*What you are asked to do*: Two lines in the data below mark the range: the one with "Person working on" and the one with "File photo: An". Return both, along with every line between them, exactly.

[[ Exercise input open ]]

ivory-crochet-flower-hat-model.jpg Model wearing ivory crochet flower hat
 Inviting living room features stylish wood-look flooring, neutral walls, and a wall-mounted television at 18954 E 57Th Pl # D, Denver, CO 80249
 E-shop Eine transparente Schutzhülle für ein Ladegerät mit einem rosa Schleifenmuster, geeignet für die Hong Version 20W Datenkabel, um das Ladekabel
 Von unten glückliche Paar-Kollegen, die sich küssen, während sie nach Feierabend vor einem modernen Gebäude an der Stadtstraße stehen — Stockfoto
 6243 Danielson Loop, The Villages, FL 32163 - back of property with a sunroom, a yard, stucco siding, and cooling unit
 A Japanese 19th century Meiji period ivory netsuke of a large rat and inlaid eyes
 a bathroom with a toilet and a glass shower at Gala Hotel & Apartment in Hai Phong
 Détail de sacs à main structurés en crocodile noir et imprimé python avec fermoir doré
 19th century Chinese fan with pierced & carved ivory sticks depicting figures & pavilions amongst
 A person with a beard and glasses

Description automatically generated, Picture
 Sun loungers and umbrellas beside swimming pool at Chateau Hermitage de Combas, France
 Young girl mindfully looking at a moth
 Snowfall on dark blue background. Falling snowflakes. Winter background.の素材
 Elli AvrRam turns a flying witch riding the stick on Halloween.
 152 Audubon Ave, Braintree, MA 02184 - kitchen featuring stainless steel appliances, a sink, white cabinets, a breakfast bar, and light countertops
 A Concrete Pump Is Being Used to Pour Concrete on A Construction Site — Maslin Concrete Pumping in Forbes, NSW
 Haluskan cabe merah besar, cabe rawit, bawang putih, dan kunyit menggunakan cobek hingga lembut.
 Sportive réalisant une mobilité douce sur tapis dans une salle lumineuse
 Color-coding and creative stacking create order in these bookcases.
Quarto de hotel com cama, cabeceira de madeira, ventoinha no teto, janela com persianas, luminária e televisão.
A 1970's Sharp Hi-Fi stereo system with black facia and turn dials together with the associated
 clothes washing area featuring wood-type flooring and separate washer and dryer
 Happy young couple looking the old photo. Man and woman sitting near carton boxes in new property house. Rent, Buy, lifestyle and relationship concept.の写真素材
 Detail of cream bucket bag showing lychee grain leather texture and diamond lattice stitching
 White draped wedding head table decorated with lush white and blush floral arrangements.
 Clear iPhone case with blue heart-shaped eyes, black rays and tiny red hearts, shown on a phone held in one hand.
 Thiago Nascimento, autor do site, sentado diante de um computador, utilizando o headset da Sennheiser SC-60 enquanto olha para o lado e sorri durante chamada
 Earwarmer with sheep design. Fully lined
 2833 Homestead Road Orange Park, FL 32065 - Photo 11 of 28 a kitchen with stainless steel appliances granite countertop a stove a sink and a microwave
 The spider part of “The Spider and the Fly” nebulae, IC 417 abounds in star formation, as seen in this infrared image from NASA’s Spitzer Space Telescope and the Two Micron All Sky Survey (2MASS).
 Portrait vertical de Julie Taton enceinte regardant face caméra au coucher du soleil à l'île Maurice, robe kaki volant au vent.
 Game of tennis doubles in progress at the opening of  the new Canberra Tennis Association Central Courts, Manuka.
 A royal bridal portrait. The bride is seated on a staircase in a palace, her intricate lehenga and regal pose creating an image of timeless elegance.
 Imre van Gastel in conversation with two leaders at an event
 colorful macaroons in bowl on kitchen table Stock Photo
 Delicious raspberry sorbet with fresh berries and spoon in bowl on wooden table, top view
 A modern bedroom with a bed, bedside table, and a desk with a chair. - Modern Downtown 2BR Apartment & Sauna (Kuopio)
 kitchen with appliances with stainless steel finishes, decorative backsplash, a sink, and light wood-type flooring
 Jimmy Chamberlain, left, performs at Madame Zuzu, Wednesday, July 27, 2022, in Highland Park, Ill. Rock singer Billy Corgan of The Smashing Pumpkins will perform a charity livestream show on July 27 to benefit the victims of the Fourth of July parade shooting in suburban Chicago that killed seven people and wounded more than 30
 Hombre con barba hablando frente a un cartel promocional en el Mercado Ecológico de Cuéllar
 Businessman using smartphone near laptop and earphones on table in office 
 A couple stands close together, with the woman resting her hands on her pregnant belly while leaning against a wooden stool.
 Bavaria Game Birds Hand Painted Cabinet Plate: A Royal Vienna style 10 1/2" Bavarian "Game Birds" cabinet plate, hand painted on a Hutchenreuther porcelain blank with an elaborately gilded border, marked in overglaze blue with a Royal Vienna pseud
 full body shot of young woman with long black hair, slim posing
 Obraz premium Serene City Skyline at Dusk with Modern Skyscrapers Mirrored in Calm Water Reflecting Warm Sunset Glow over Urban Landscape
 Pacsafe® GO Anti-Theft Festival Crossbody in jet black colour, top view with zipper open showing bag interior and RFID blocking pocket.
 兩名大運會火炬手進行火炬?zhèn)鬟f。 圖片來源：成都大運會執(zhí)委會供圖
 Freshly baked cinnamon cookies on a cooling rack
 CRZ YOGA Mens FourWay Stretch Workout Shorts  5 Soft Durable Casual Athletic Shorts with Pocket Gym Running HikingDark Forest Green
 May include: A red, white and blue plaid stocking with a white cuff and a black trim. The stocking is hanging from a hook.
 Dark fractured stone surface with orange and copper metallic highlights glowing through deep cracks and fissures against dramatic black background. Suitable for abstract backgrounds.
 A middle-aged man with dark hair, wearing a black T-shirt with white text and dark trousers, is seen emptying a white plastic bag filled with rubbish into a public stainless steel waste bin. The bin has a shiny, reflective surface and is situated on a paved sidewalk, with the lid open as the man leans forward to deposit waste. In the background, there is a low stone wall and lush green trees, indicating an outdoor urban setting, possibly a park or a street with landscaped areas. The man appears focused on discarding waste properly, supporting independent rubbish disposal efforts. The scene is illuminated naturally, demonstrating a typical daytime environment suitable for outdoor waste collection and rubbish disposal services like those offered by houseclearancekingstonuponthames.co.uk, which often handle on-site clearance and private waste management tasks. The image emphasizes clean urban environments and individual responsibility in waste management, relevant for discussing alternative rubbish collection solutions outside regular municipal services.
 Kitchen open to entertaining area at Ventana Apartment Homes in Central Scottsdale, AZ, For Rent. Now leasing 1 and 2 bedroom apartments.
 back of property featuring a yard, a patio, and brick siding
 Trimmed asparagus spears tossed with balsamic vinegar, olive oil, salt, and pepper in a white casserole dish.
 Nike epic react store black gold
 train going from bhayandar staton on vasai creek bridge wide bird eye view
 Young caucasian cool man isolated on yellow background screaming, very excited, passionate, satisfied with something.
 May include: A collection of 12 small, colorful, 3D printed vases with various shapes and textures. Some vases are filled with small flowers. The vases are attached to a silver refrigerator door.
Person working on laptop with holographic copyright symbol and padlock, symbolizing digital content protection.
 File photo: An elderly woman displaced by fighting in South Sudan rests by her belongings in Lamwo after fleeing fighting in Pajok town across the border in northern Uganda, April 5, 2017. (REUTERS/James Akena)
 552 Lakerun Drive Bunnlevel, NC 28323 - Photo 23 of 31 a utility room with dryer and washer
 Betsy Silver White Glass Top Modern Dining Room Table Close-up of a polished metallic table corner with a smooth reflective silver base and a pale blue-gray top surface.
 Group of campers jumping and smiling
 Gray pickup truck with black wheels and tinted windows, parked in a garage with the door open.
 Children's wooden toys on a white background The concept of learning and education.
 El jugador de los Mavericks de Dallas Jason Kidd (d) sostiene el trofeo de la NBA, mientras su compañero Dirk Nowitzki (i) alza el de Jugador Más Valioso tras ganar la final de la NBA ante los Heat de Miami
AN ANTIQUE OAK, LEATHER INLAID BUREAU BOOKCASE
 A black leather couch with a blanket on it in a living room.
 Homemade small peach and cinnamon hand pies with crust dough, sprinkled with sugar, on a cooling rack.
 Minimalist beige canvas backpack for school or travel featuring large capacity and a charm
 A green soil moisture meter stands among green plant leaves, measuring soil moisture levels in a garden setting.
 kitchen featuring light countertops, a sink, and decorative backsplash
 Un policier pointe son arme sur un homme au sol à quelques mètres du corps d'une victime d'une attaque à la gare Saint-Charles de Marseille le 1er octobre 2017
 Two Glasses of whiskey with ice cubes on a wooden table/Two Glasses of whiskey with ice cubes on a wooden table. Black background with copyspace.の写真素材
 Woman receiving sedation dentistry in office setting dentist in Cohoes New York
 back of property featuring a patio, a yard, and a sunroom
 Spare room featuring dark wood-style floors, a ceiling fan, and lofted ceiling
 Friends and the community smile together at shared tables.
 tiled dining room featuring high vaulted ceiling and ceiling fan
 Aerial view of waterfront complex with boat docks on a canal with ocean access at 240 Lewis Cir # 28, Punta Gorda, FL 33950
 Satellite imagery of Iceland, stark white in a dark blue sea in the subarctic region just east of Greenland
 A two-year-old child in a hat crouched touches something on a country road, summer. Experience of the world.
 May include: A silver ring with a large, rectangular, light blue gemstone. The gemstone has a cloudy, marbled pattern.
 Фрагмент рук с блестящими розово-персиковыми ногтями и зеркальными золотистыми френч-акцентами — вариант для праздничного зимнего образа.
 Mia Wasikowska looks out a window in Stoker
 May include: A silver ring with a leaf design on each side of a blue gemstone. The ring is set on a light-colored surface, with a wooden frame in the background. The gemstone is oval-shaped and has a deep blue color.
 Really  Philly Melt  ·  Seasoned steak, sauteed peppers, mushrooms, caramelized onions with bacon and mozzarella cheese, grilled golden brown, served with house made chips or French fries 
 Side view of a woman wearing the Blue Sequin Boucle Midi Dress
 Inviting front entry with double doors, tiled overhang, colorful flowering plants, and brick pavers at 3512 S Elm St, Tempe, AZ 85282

[[ Exercise input closed ]]

*Completed task*:
Person working on laptop with holographic copyright symbol and padlock, symbolizing digital content protection.
 File photo: An elderly woman displaced by fighting in South Sudan rests by her belongings in Lamwo after fleeing fighting in Pajok town across the border in northern Uganda, April 5, 2017. (REUTERS/James Akena)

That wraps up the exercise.